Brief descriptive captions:
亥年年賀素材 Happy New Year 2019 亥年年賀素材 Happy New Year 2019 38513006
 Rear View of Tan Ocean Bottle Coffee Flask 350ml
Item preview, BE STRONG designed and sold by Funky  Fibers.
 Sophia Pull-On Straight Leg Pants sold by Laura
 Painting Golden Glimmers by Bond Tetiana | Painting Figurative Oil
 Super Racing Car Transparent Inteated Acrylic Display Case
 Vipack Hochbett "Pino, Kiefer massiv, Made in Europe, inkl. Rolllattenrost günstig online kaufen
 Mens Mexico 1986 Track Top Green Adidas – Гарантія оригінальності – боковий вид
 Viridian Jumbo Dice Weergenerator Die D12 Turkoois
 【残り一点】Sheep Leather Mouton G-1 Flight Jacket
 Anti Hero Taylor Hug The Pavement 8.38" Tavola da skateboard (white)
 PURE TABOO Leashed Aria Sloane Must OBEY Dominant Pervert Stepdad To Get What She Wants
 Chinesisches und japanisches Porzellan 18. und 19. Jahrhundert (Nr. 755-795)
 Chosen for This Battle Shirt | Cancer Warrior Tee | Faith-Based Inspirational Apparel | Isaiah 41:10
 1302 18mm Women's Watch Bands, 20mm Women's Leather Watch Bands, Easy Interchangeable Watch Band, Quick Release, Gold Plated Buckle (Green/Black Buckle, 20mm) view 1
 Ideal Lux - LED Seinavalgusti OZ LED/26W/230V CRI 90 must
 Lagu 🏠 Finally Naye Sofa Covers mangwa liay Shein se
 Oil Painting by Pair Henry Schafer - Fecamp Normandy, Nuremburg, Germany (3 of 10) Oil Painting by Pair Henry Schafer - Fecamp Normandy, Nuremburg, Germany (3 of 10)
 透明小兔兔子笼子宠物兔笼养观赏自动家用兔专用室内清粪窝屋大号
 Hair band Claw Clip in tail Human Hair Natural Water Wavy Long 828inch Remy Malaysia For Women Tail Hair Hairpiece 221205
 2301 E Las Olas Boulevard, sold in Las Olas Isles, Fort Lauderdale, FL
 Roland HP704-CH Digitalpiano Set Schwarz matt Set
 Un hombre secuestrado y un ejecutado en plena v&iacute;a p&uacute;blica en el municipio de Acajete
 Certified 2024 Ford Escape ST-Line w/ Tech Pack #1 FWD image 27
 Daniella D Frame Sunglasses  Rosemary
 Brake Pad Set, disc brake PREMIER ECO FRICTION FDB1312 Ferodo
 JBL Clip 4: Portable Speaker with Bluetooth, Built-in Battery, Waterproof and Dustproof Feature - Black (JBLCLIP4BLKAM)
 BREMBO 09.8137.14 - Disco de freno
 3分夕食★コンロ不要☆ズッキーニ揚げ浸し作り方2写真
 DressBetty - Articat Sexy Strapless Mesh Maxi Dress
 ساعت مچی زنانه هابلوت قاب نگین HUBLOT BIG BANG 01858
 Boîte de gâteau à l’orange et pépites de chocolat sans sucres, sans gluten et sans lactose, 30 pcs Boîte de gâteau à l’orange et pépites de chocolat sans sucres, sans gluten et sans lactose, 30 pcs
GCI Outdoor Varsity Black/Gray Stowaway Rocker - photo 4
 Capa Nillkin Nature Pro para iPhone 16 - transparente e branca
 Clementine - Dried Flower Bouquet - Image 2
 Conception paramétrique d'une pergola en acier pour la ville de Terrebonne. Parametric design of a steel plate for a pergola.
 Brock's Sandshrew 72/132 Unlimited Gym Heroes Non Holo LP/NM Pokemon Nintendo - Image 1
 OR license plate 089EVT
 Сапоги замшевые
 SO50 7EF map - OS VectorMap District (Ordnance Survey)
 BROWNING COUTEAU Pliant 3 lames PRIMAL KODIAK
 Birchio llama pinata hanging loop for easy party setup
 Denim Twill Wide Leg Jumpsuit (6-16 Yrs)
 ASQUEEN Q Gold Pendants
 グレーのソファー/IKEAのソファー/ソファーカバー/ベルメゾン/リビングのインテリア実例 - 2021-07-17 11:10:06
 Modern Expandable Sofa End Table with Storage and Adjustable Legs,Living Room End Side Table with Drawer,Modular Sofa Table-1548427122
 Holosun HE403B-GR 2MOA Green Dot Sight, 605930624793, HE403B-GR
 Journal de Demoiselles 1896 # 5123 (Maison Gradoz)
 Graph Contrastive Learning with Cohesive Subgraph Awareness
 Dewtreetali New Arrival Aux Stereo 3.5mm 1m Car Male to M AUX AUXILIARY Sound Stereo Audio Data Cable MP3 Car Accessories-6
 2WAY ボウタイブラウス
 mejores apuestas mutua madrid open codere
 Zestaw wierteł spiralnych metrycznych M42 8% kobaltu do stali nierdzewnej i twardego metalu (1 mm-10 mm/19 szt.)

Brief: Return each line in the records that holds the string "with".

Exercise solution:
 JBL Clip 4: Portable Speaker with Bluetooth, Built-in Battery, Waterproof and Dustproof Feature - Black (JBLCLIP4BLKAM)
 Modern Expandable Sofa End Table with Storage and Adjustable Legs,Living Room End Side Table with Drawer,Modular Sofa Table-1548427122
 Graph Contrastive Learning with Cohesive Subgraph Awareness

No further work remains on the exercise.